__Exercise details__: Every line of the data, first to last, must be written out unchanged.

__Recorded data__:
----------

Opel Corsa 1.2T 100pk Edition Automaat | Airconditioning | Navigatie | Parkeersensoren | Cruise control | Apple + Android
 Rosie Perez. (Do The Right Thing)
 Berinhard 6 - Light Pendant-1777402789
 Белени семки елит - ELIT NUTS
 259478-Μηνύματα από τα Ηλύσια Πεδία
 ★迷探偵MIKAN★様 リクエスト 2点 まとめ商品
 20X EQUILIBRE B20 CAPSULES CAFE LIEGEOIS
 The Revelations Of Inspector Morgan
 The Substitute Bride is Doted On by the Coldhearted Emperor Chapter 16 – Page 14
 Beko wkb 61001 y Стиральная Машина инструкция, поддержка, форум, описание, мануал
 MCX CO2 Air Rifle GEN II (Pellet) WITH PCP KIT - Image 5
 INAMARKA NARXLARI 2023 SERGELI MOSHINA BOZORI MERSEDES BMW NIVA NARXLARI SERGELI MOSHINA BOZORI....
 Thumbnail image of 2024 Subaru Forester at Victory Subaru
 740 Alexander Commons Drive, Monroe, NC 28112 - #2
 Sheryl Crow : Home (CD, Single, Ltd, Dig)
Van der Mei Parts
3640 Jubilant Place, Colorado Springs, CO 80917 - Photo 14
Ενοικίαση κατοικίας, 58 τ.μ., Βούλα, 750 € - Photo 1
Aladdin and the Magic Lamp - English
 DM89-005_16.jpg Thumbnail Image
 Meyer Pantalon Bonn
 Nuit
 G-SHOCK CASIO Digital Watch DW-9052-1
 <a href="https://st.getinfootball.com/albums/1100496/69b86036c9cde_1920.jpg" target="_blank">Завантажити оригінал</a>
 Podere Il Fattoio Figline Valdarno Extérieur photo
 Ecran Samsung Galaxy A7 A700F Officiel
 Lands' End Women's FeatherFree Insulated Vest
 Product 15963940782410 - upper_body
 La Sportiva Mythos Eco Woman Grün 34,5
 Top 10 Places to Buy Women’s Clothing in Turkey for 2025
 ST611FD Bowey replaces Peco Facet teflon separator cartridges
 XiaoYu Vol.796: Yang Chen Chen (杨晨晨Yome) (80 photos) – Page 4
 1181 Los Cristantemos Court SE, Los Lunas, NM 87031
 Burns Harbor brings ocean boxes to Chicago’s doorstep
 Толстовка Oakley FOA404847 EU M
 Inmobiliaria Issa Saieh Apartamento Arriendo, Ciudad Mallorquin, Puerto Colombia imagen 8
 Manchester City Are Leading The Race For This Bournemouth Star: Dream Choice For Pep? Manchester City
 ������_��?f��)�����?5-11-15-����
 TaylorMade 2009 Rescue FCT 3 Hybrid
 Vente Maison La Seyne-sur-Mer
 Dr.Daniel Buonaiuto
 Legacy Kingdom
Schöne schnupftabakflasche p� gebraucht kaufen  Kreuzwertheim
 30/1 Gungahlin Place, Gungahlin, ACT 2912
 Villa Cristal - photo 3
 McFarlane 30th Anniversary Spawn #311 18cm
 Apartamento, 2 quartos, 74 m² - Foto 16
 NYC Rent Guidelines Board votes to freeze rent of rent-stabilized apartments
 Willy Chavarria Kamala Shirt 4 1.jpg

----------

__Answer box__:
Opel Corsa 1.2T 100pk Edition Automaat | Airconditioning | Navigatie | Parkeersensoren | Cruise control | Apple + Android
 Rosie Perez. (Do The Right Thing)
 Berinhard 6 - Light Pendant-1777402789
 Белени семки елит - ELIT NUTS
 259478-Μηνύματα από τα Ηλύσια Πεδία
 ★迷探偵MIKAN★様 リクエスト 2点 まとめ商品
 20X EQUILIBRE B20 CAPSULES CAFE LIEGEOIS
 The Revelations Of Inspector Morgan
 The Substitute Bride is Doted On by the Coldhearted Emperor Chapter 16 – Page 14
 Beko wkb 61001 y Стиральная Машина инструкция, поддержка, форум, описание, мануал
 MCX CO2 Air Rifle GEN II (Pellet) WITH PCP KIT - Image 5
 INAMARKA NARXLARI 2023 SERGELI MOSHINA BOZORI MERSEDES BMW NIVA NARXLARI SERGELI MOSHINA BOZORI....
 Thumbnail image of 2024 Subaru Forester at Victory Subaru
 740 Alexander Commons Drive, Monroe, NC 28112 - #2
 Sheryl Crow : Home (CD, Single, Ltd, Dig)
Van der Mei Parts
3640 Jubilant Place, Colorado Springs, CO 80917 - Photo 14
Ενοικίαση κατοικίας, 58 τ.μ., Βούλα, 750 € - Photo 1
Aladdin and the Magic Lamp - English
 DM89-005_16.jpg Thumbnail Image
 Meyer Pantalon Bonn
 Nuit
 G-SHOCK CASIO Digital Watch DW-9052-1
 <a href="https://st.getinfootball.com/albums/1100496/69b86036c9cde_1920.jpg" target="_blank">Завантажити оригінал</a>
 Podere Il Fattoio Figline Valdarno Extérieur photo
 Ecran Samsung Galaxy A7 A700F Officiel
 Lands' End Women's FeatherFree Insulated Vest
 Product 15963940782410 - upper_body
 La Sportiva Mythos Eco Woman Grün 34,5
 Top 10 Places to Buy Women’s Clothing in Turkey for 2025
 ST611FD Bowey replaces Peco Facet teflon separator cartridges
 XiaoYu Vol.796: Yang Chen Chen (杨晨晨Yome) (80 photos) – Page 4
 1181 Los Cristantemos Court SE, Los Lunas, NM 87031
 Burns Harbor brings ocean boxes to Chicago’s doorstep
 Толстовка Oakley FOA404847 EU M
 Inmobiliaria Issa Saieh Apartamento Arriendo, Ciudad Mallorquin, Puerto Colombia imagen 8
 Manchester City Are Leading The Race For This Bournemouth Star: Dream Choice For Pep? Manchester City
 ������_��?f��)�����?5-11-15-����
 TaylorMade 2009 Rescue FCT 3 Hybrid
 Vente Maison La Seyne-sur-Mer
 Dr.Daniel Buonaiuto
 Legacy Kingdom
Schöne schnupftabakflasche p� gebraucht kaufen  Kreuzwertheim
 30/1 Gungahlin Place, Gungahlin, ACT 2912
 Villa Cristal - photo 3
 McFarlane 30th Anniversary Spawn #311 18cm
 Apartamento, 2 quartos, 74 m² - Foto 16
 NYC Rent Guidelines Board votes to freeze rent of rent-stabilized apartments
 Willy Chavarria Kamala Shirt 4 1.jpg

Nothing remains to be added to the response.